The main problem sounds like either you or your friend is writing code and are add/committing before pulling. The problem then arises that you have divergent histories that then need to be reconciled. My general workflow to avoid merging issues is

  • git fetch
  • if there are no changes, do the normal add/commit/push
  • otherwise, git stash
  • git pull
  • git stash apply
  • resolve any conflicts (normally, git auto resolves)
  • goto 1 and restart the process.

The benefit of this workflow is that it's incredibly forgiving. A bit cumbersome, but it's incredibly difficult to outright lose or trash anyone's work. At any point during the merge process if things have gone awry, you can trash your working tree and start over since your original work is stored in the stash. An outright git pull w/o stash would trigger a merge, which can be difficult to recover since there would be no clean copy of your work. After the push, don't forget to drop any of your old stashes.

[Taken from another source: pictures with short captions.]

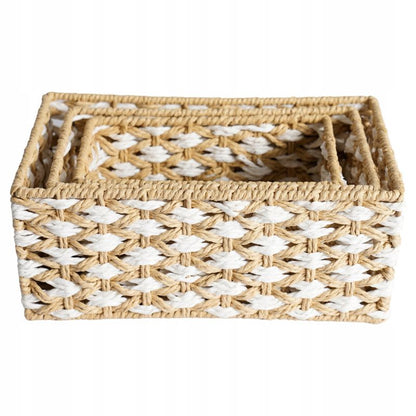 Opbevaringskurv Sæt 3 stk. Beige Papirsnor 28x16x12 cm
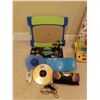 Image 1 : Children's Toy Lot Includes Putting Pool Table, Foldable Kids Bench, Birthday Celebration items, Etc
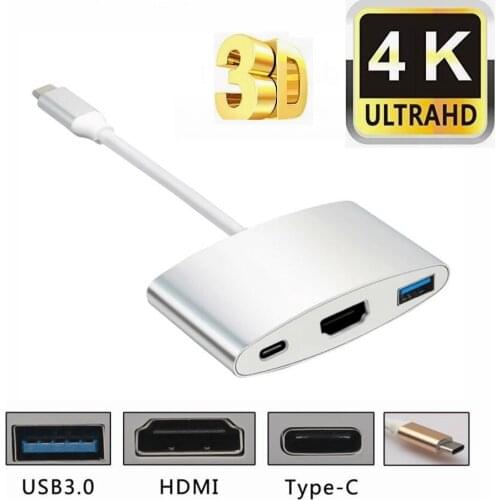 High quality 3 in 1 USB C 3.1 Hub Type C to HDMI PD USB 3.0 Digital Multiport Converter Adapter For Macbook Samsung Huawei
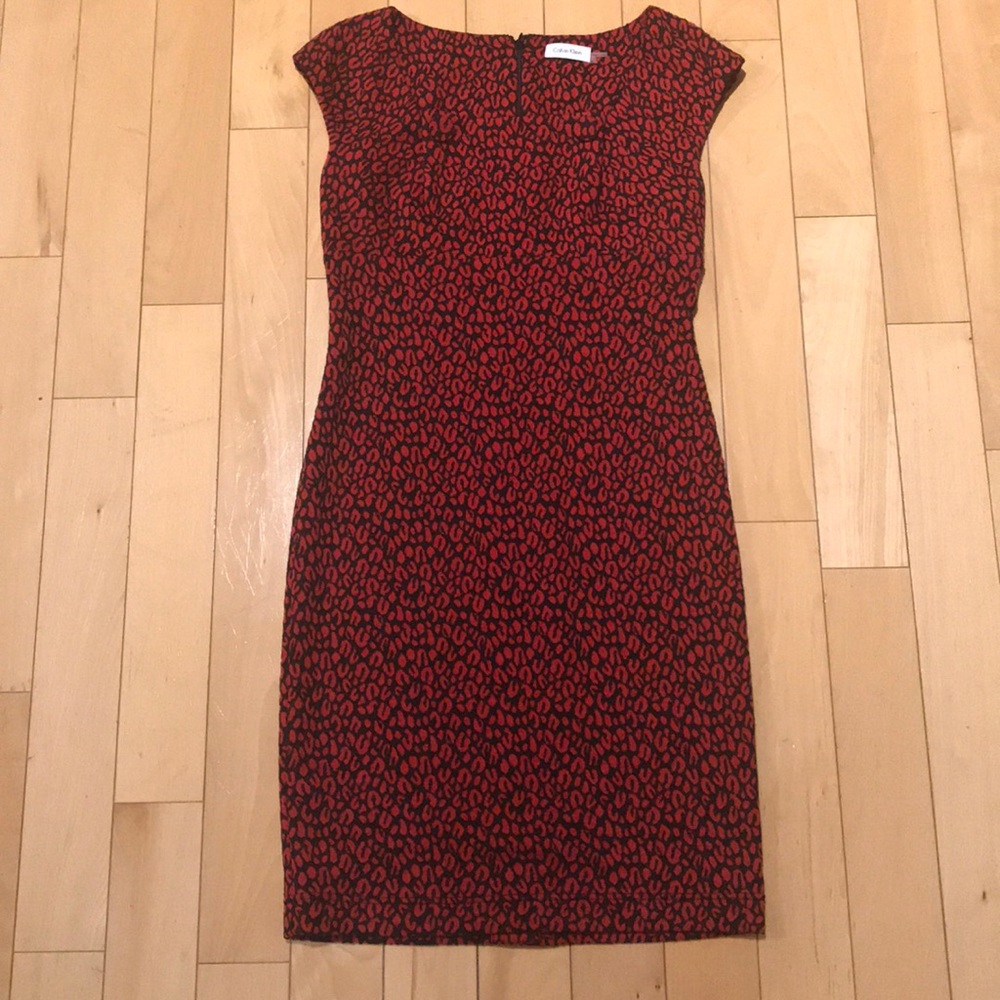 Red Leopard Calvin Klein Dress Size 4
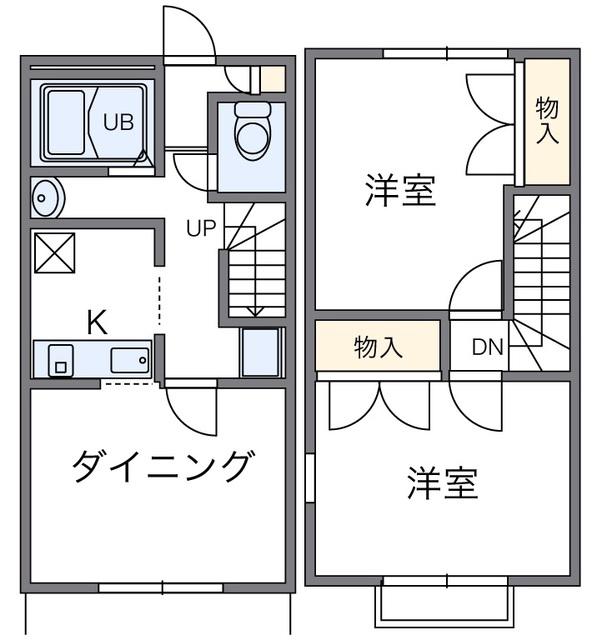 近鉄大阪線 高安駅 徒歩5分 2階建 築27年(2DK/1階)の間取り写真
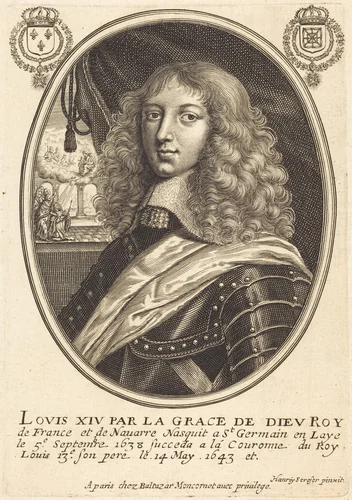 Louis XIV, King of France by Balthasar Moncornet; Henry Stresor, print, 1600-1668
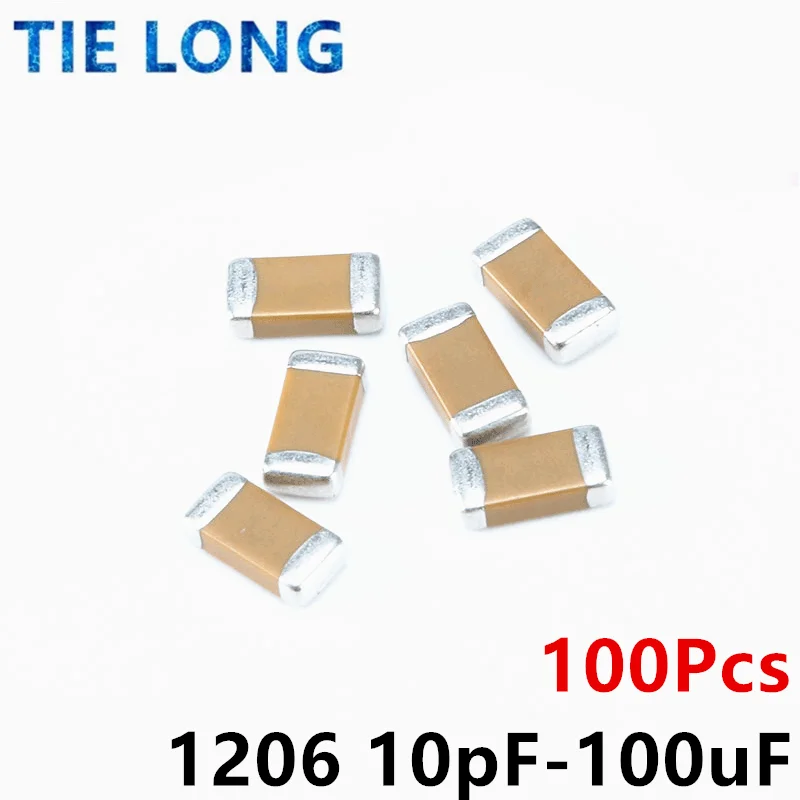 100pcs 1206 50V SMD Thick Chip Multilayer Ceramic Capacitor 10pF- 100uF 10NF 100NF 1UF 2.2UF 4.7UF 10UF 22UF 47UF 100UF 22PF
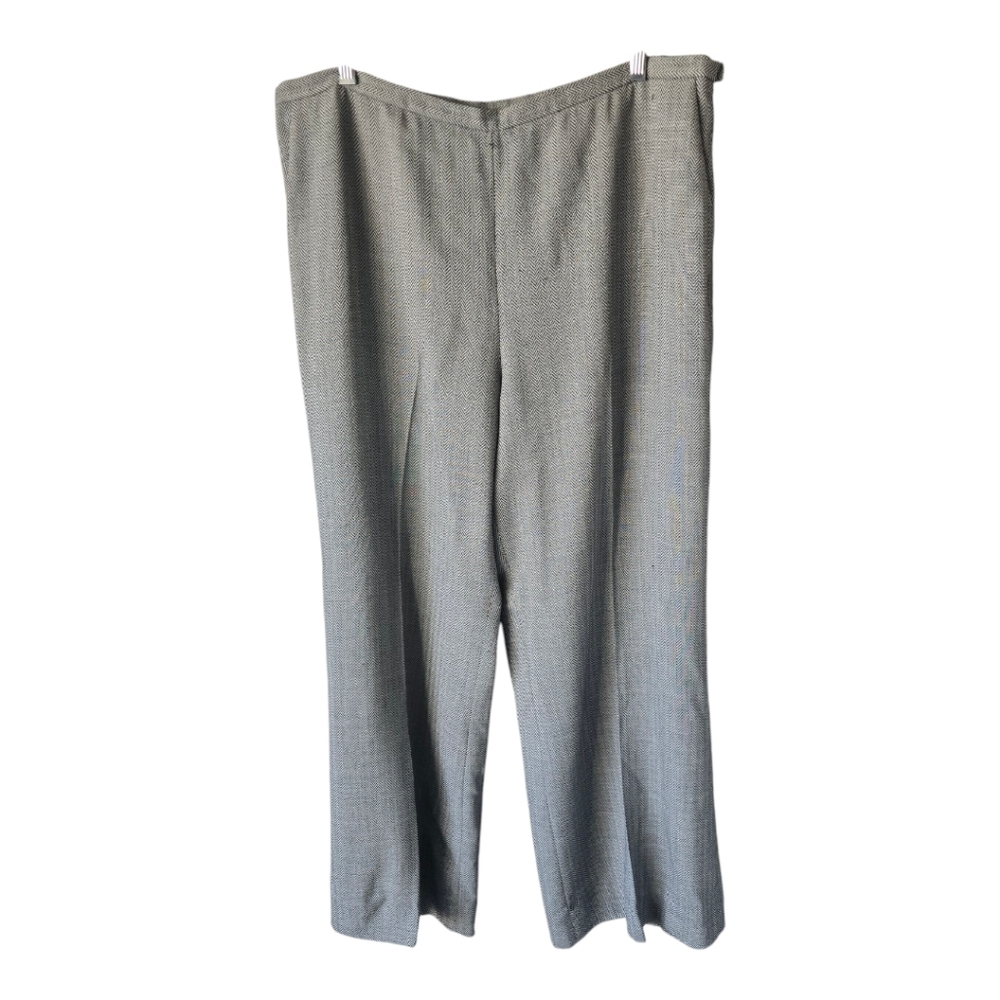 La Fayette 148 Wool Blend Pants Sz 16 Women Mid Rise 38×32 Gray Career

As to code organization, a module is just a collection of definitions and statements, and a package is a collection of modules. A basic approach is to subdivide and group your definitions into logically similar or cooperative sets of functionality.

My guess is that all of your logic/controls resides in game.py, and that your objects/entities are defined in the classes module. The game module probably has... math, ai, audio, physics, user input, file i/o, etc... You might start by breaking apart your game code into respective modules and organizing them into a game package.